(Manuel Alegre)
Meu amor é marinheiro
E mora no alto mar
Seus braços, são como o vento
Ninguém os pode amarrar
Quando chega à minha beira
Todo o meu sangue é um rio
Onde o meu amor aporta
Seu coração- um navio
Meu amor disse que eu tinha
Na boca, um gosto a saudade
E uns cabelos onde nascem
Os ventos, e a liberdade
Meu amor é marinheiro
Quando chega à minha beira
Acende um cravo na boca
E canta desta maneira
Eu vivo, lá longe, longe
Onde moram os navios
Mas um dia, hei-de voltar
Às águas dos nossos rios
Hei-de passar nas cidades
Como o vento nas areias
E abrir todas as janelas
E abrir todas as cadeias
Assim falou, meu amor
Assim falou-me ele um dia
Desde então, eu vivo à espera
Que volte... como dizia!
(Poema de Manuel Alegre, cantado por Amália Rodrigues.
O nosso imenso agradecimento à Valéria Mendez que dele nos deu conhecimento, sempre, com a sua dedicação e carinho ao que é/foi cantado por Amália.)
O Manuel Alegre fez um poema sobre o Figo.
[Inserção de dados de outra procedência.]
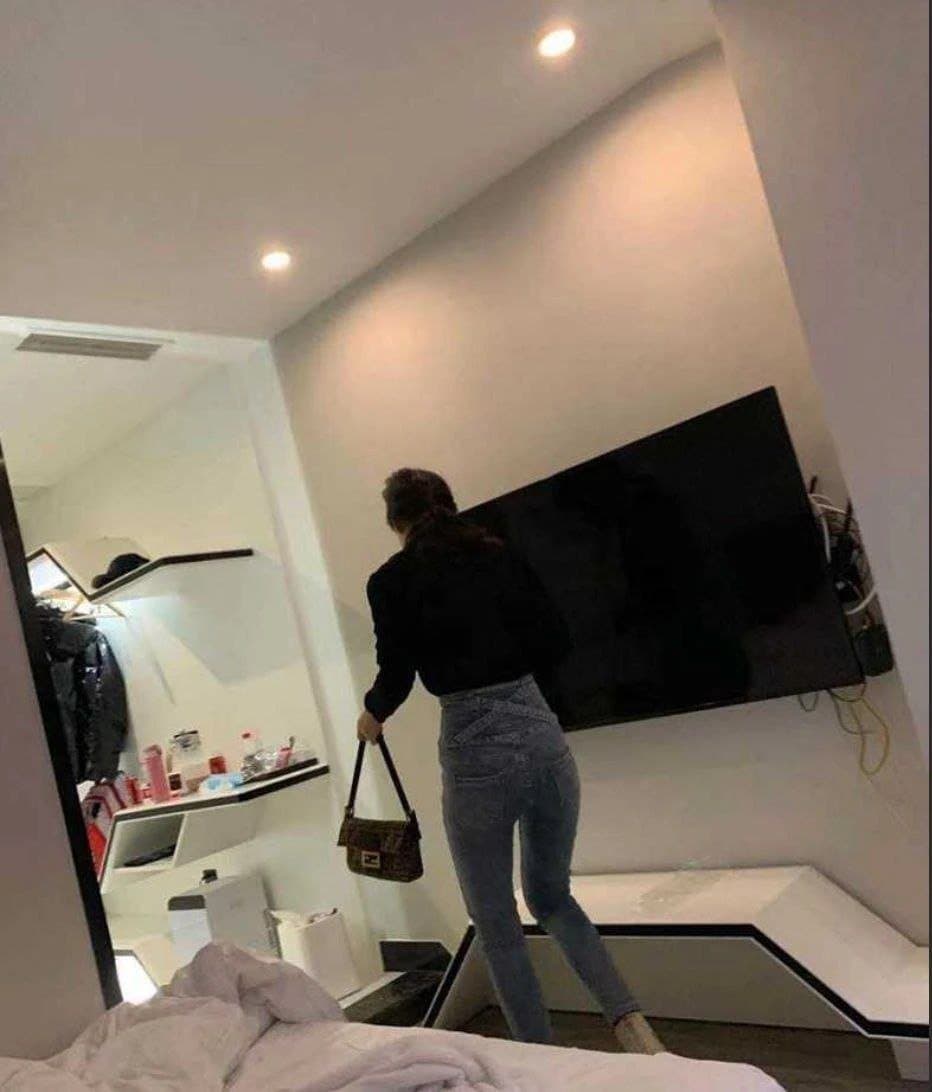 This asian flight attendant pussy is so wet she squirt all over the floor at the hotel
É muito grave esquecer isso.
Corria a Primavera Marcelista, quando Amália editou pela primeira vez este poema,num single,ainda em vinil.O disco não foi publicitado nas rádios,nem nos jornais.Havia como que uma espécie de véu,a ignorar certas coisas que Amália cantava,e a "elevar" outras,consideradas inocuas pelo regime.Contudo Marcelo Caetano,não se atrevera a fazer o mesmo que Salazar tinha feito com o Fado Peniche,em 62-Ordenar a sua retirada do mercado,e destruir todas as cópias.(Amália,nessa altura teve o primeiro impacto negativo,em relação a Salazar,figura que Amália admirava-resquicios de menina pobre,respeitadora e deferente face aos que governam!)Um dia, Amália enche-se com coragem(afinal era uma vedeta internacional!),e vai falar com Salazar;explica simplesmente ao ditador,que não compreende aquela reacção oficial,explica que se trata de um Fado de Amor,dum poeta de muita qualidade(David Mourão Ferreira). Salazar diria depois a um ministro,sobre Amália-"Adorei a criaturinha". Meses mais tarde, Salazar recua,até porque a imprensa francesa já falava no caso.Exige que Amália mude o titulo do Fado. Ficou Abandono.O disco é de novo posto na mercado,e até chega à Inglaterra,onde é platina.(Imagine-se que agora chegam umas fadistas tipo Mariza,que afirmam que o Fado é conhecido naquele país,graças a elas!Que pouca vergonha têm!). Em 1977,Amalia volta a gravar um album todo com musicas do Alain Oulman,e decide incluir este "Meu Amor é marinheiro",ignorado pelos média marcelistas.Desta vez, o acompanhamento é diferente.A carga é a mesma.Com a diferença de que já se vive sem censura. O Album-Cantigas numa lingua antiga- que inclui outros dois poemas de Alegre(As Facas,e Abril),assim como outros temas de Ary,Homem de Mello,Bernardim Ribeiro e Camões.Desta vez,Amália teve platina em Portugal,seguindo-se Japão,Holanda,Itália e França.Efectivamente, desse album,ressaltaram para a rádio dois temas-o Alfama de Ary,e este mesmo-O Meu amor é marinheiro,de Alegre.Atente-se à premonitória expressão poética "...acende um cravo na boca."-Um ano depois de Alegre a ter escrito, eclode em Portugal a Revolução dos...Cravos! Genial,não?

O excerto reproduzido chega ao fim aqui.